Exercise description - From the material below, reproduce exactly the stretch of lines that begins with the line holding "2-Sitzer-Sofa Karin aus" and ends with the line holding "Banana Republic Size XS Cream Sweater", skipping the pictures.

Raw data -
---------------
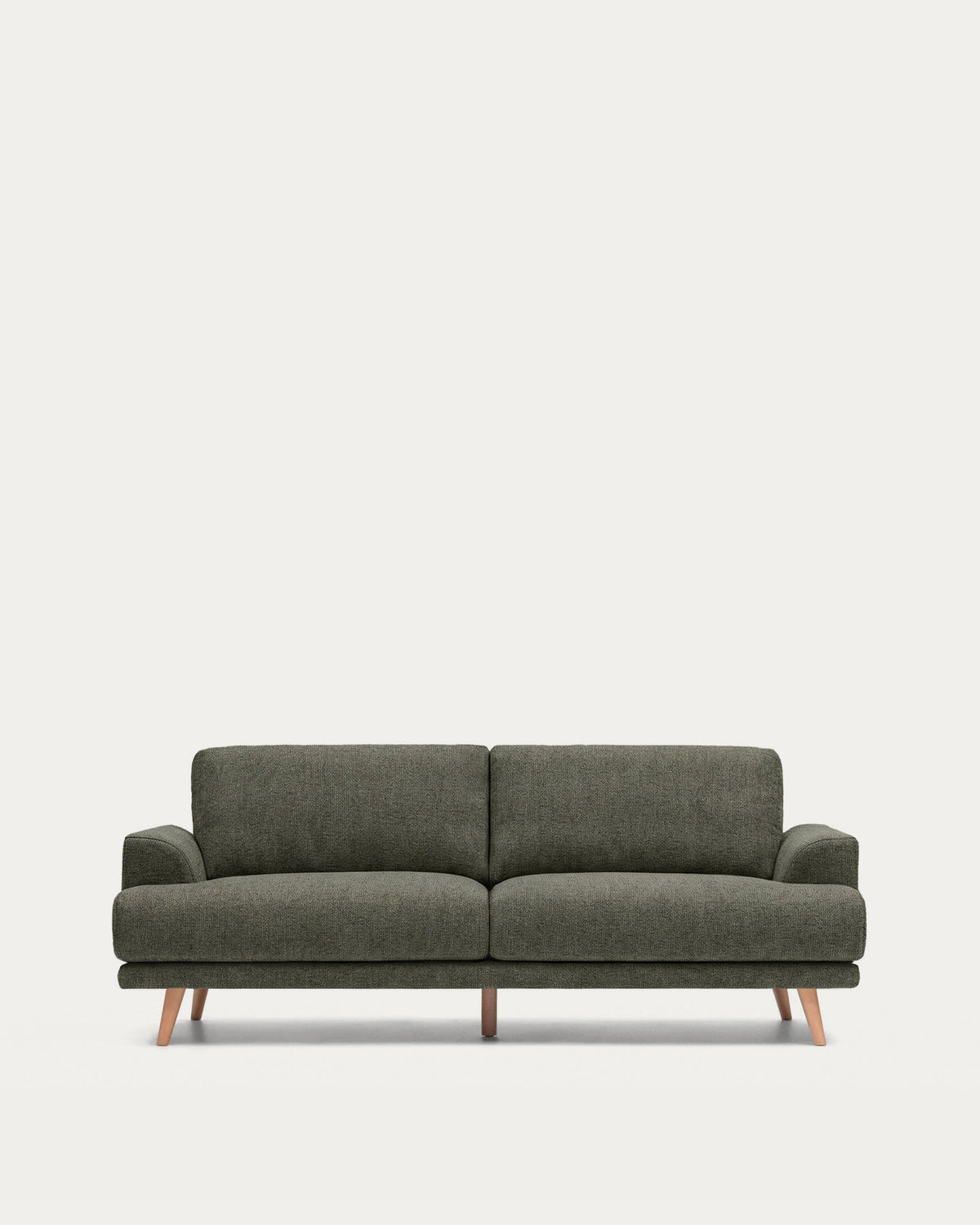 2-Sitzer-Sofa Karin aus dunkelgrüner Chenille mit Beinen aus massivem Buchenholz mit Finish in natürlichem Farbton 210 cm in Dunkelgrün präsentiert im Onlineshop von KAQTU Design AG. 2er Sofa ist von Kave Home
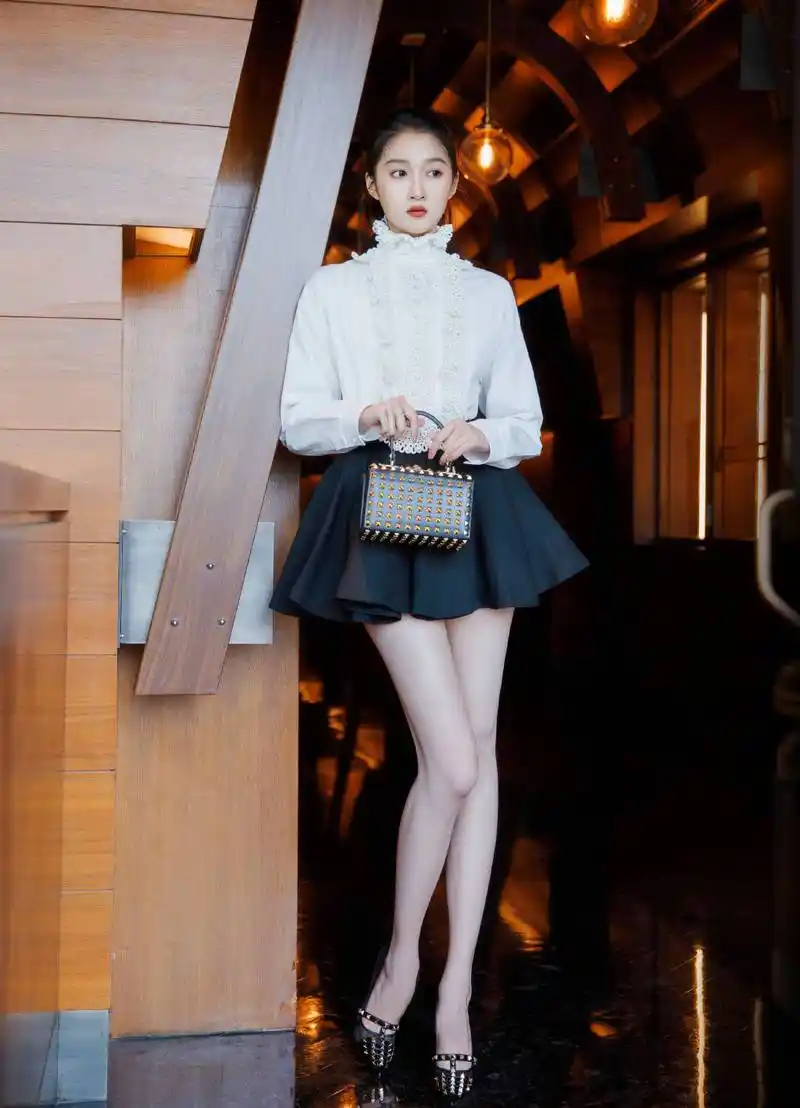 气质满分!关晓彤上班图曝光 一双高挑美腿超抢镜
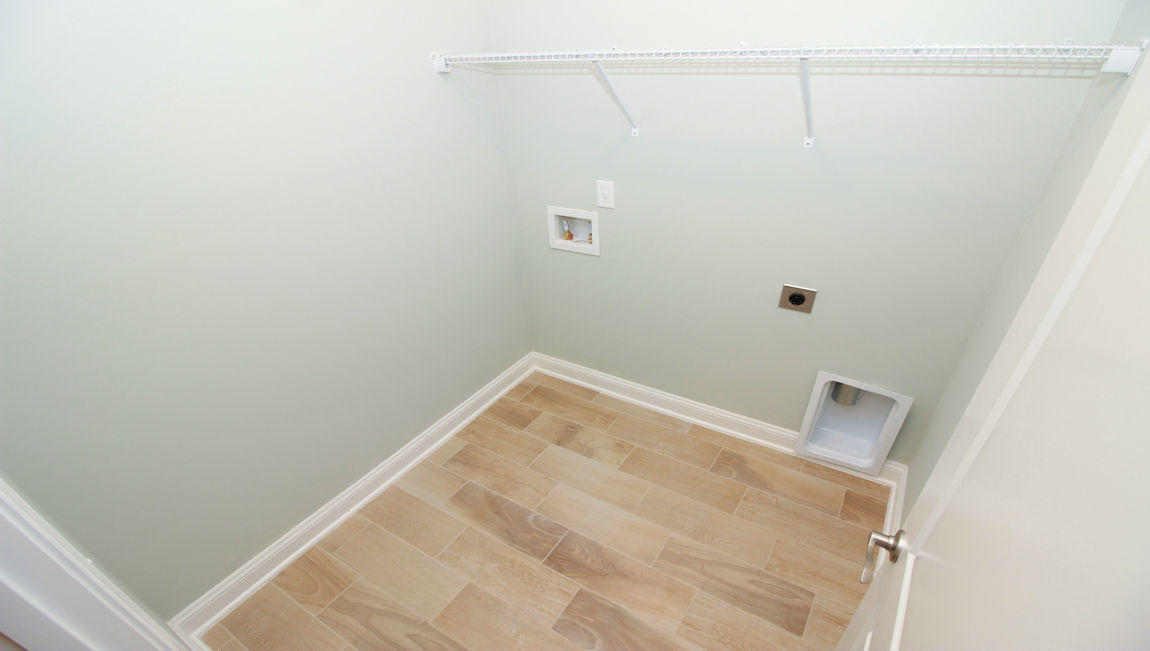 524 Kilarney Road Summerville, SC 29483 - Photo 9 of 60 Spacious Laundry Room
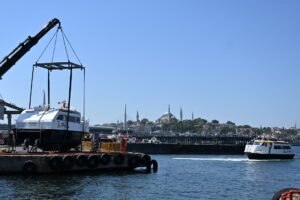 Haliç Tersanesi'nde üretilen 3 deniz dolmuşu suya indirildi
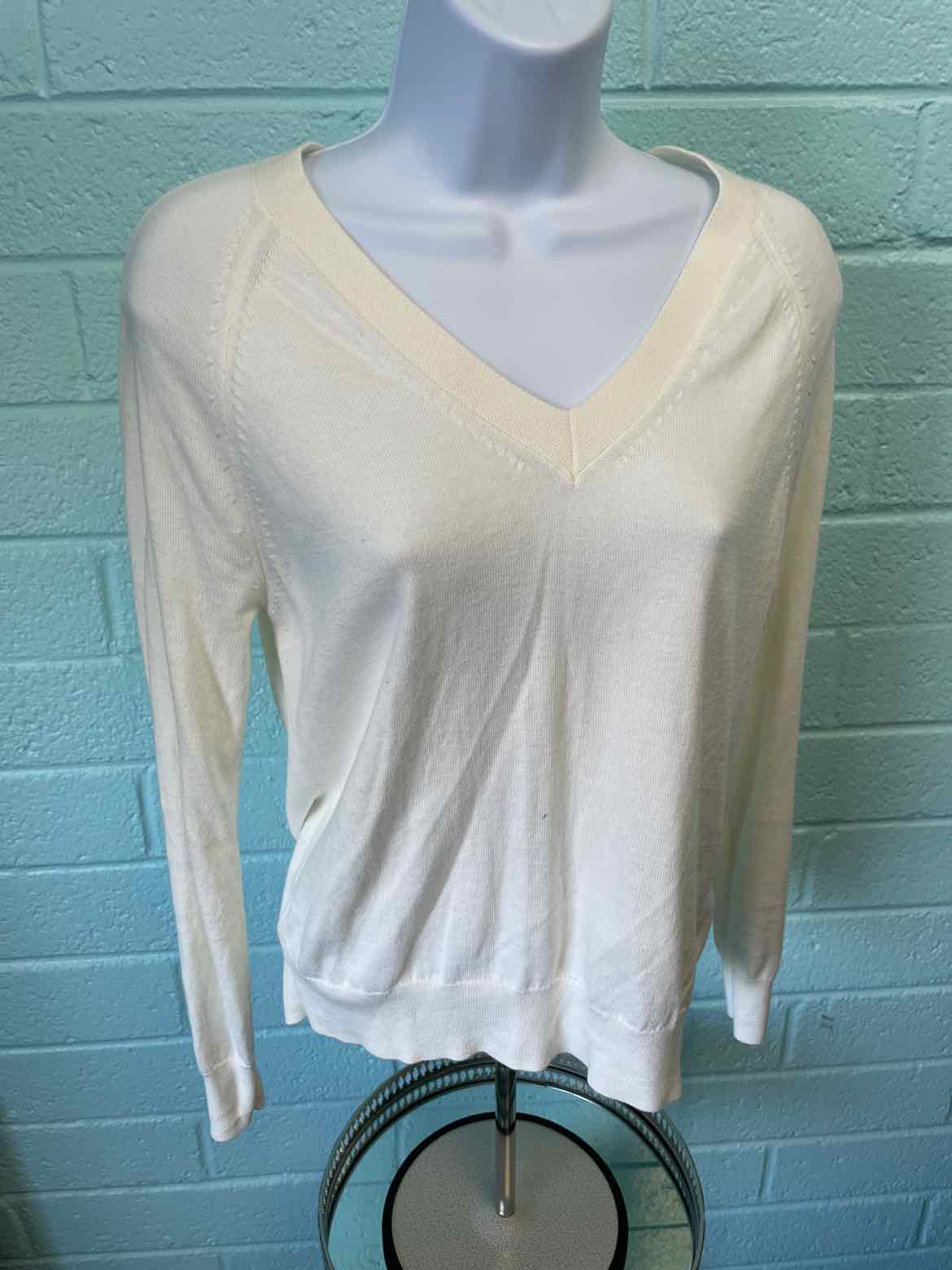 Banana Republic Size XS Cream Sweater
---------------
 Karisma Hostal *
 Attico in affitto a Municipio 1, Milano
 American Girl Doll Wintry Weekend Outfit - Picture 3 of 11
---------------
Exercise response -
 2-Sitzer-Sofa Karin aus dunkelgrüner Chenille mit Beinen aus massivem Buchenholz mit Finish in natürlichem Farbton 210 cm in Dunkelgrün präsentiert im Onlineshop von KAQTU Design AG. 2er Sofa ist von Kave Home
 气质满分!关晓彤上班图曝光 一双高挑美腿超抢镜
 524 Kilarney Road Summerville, SC 29483 - Photo 9 of 60 Spacious Laundry Room
 Haliç Tersanesi'nde üretilen 3 deniz dolmuşu suya indirildi
 Banana Republic Size XS Cream Sweater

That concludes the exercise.